The Badlands ... there is no place like them!
 Waiting for you to die on them, parched to death and burned by the scorching sun.  So much for poetry...

Badlands - Then and Now... Can you spot the difference in the following two pictures!?
I tried to recreate an old family photo, but something was lacking ... 

like my ten hundred siblings!  This is from a family trip several years ago.
I feel like I am on the Moon when I am here
I stumbled across a quote from Frank Lloyd Wright, and it summed up my first impressions of this beautiful, dreadful land perfectly: 

"I was totally unprepared for that revelation called the Dakota Bad Lands.  What I saw gave me an indescribable sense of mysterious elsewhere."

I know what you're thinking - Og-la-la!
We moved on through the Badlands, joining thousands of the Sturgis riders on our South Dakota tour as we stopped at Wall Drug, trekked up to Crazy Horse (which looks exactly the same as it did six years ago, which is exactly how it looked thirty years ago), Mt. Rushmore (I suppose in all fairness, this rock looked the same, too), an old homesteader museum, and a prairie dog town.

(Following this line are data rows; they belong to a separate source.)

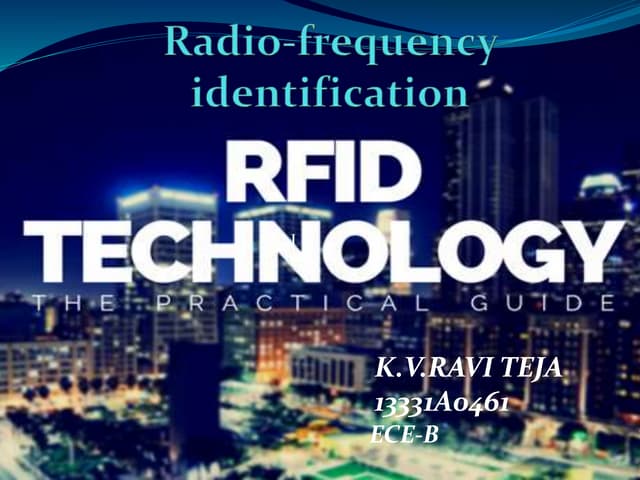 Radio frequency    identification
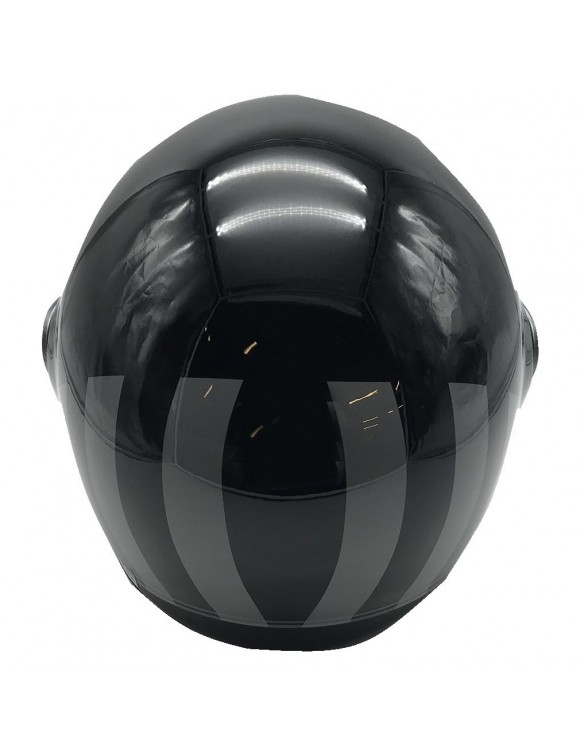 Casco moto longitud completa Mira vintage Shoei Glamster Resurrection TC-5 Black - 3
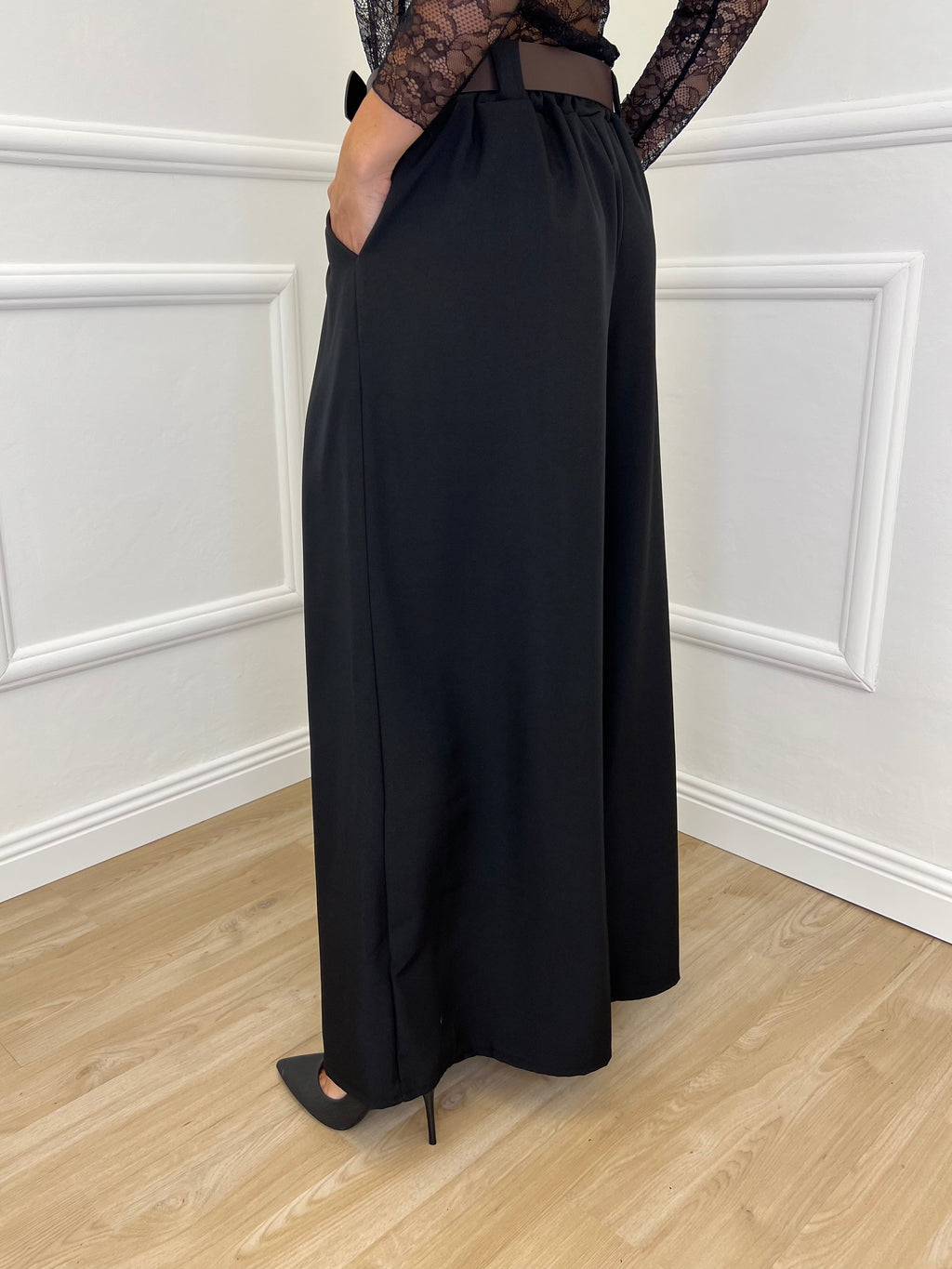 Pantagonna Pences 25431 Nero - Bazar Abbigliamento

Over the years, the Black Hills have hosted Indians, trappers, gold rushers, and tourists.  They are so densely forested, they remind me of home!

There were hundreds of bikers at Wall Drug!
There were hundreds more as we headed into the Black Hills to visit Mt Rushmore

The bars were bulging with them!

Epic Mt Rushmore pic fail ... well, at least we got two faces on the picture

The update on Crazy Horse is ... still the same!
The Crazy Horse monument has been under construction since 1948.  It is on privately held sacred Indian land, about 17 miles from Mt Rushmore; the statue and the heritage museums below were commissioned by the Lakota tribe.  While the monument seems to be progressing slower than a woman with back labor, the museum and shopping 'plex have expanded enormously over the years.  If completed, this statue would be over 641 feet wide and 563 feet high, making it the largest non-religious statue in the world.  (Ironically, the previous world-record holder is the Russian Motherland statue, or Родина-мать зовёт! which I visited the same year I saw Crazy Horse for the first time.  If you've seen Enemy at the Gates, then you are already familiar with the hill in Volgograd on which this behemoth of a woman stands.)  If you stay for the evening, you can enjoy a lovely laser light show where they use lighting to illustrate history in the Black Hills.  Since the monument will probably never be completed, you might as well enjoy the laser show (we didn't stay for it this time around).  And I have to admit, it is cool to listen to the music while sitting in the pitch black mountains with the sound echoing off the cliffs around.

Seafoam was fully enamored of the furry prairie dogs...

What's funnier than somebody from Hawai'i seeing prairie dogs for the first
time?  I don't know, it would be pretty hard to top this. 



By the time we reached the exit for Devil's Tower, another wonderful national monument, we didn't feel like stopping any more and trucked right on by, heading up and out to Wyoming.  We hoped to shoot straight as an arrow and make it home by Saturday night, giving ourselves two more days to drive through Wyoming, Montana, Idaho, and Washington.  

Honest Abe takes a break from splitting fence-rails
But we were anxious to see Montana by nightfall, and that is where our trouble with the law began ...

All I can say is, so much for the Equality State!